Molti degli esercenti, che riapriranno dal 13 Giugno, hanno espresso i propri dubbi e perplessità per quanto riguarda il distanziamento sociale imposto dai protocolli. Alcune attività presenti nel centro storico di Peschici hanno spazi molto ristretti e il numero dei clienti da accogliere, a debita distanza, sarebbe insufficiente per coprire almeno i costi d’esercizio. Oltre a questo c’è anche da aggiungere il mantenimento delle distanze all’esterno, specie nelle serate con più afflusso di gente.

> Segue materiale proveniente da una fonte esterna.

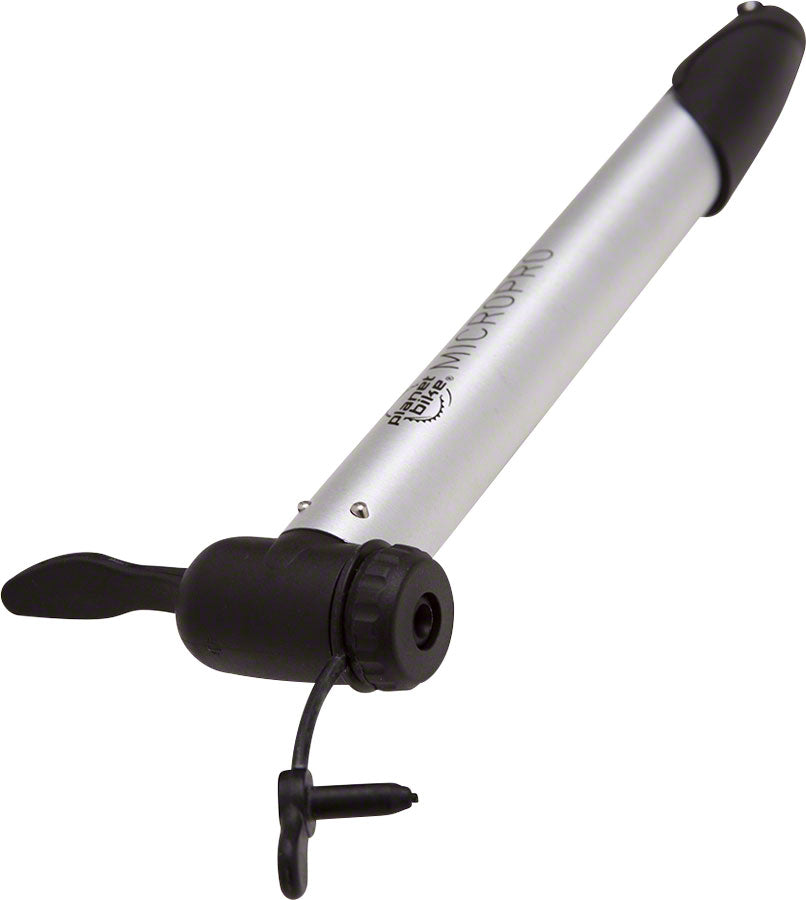 Planet Bike MicroPro Mini Frame Pump with Bracket: Presta/Schrader, Silver/Black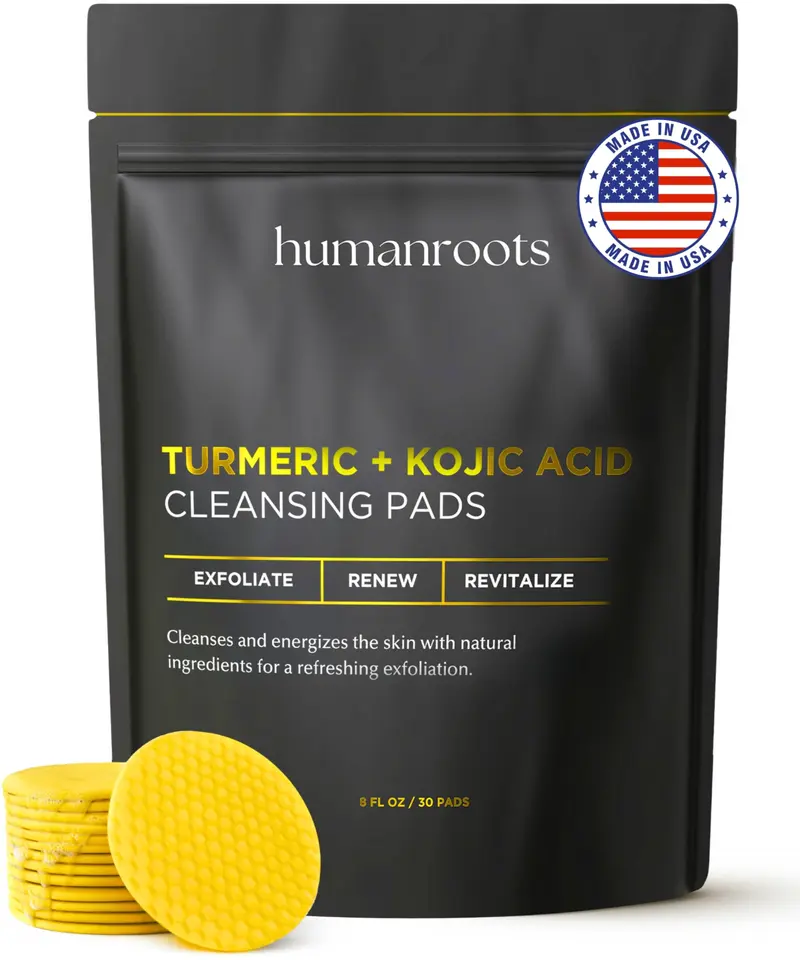 Humanroots Tampons Nettoyants Turmeric Acide Kojique – Gommage Visage au Curcuma et Vitamine C (30 tampons)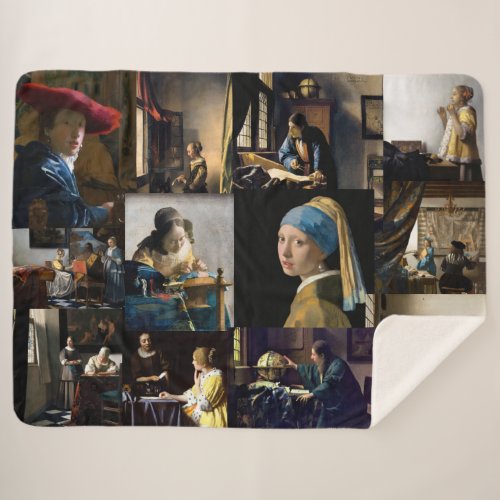 Johannes Vermeer _ Masterpieces Patchwork Sherpa Blanket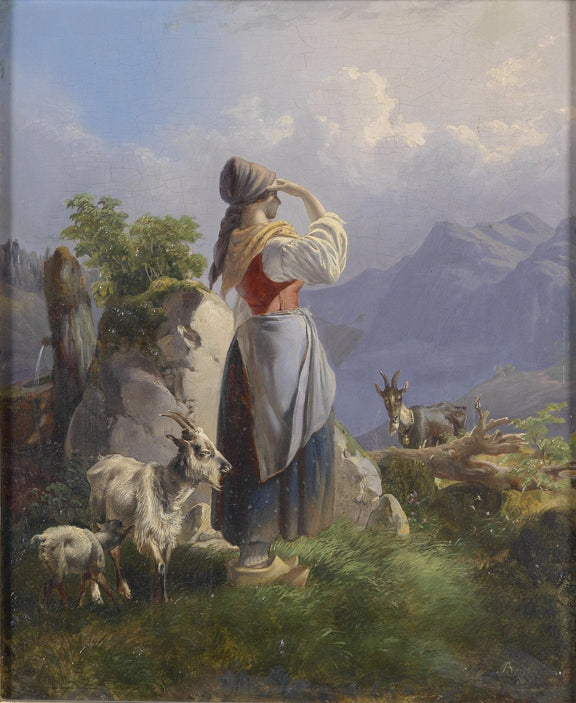 People Oil Painting - Shepherd Girl with Goats in Mountain - Oil Painting Haven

Nonostante lo scenario avverso, i gestori non si scoraggiano e hanno dichiarato la propria voglia di ritornare a lavorare sperando di rivedere la normalità. Non saranno certo programmati gli eventi di musica live, si entrerà nei locali a scaglioni e le bevande saranno servite soltanto al tavolo. Con queste premesse si presta a essere un’estate ben diversa da come siamo abituati a conoscere, ma gli esercenti stanno attuando tutte le precauzioni per garantire nel migliore dei modi il servizio.

In comune sentire hanno infine lanciato un forte appello ai clienti e ai colleghi della provincia, pregandoli di rispettare i distanziamenti imposti al fine di evitare assembramenti, poiché le responsabilità ricadrebbero direttamente sui gestori dei locali, costretti a chiudere e a essere multati in caso di violazioni.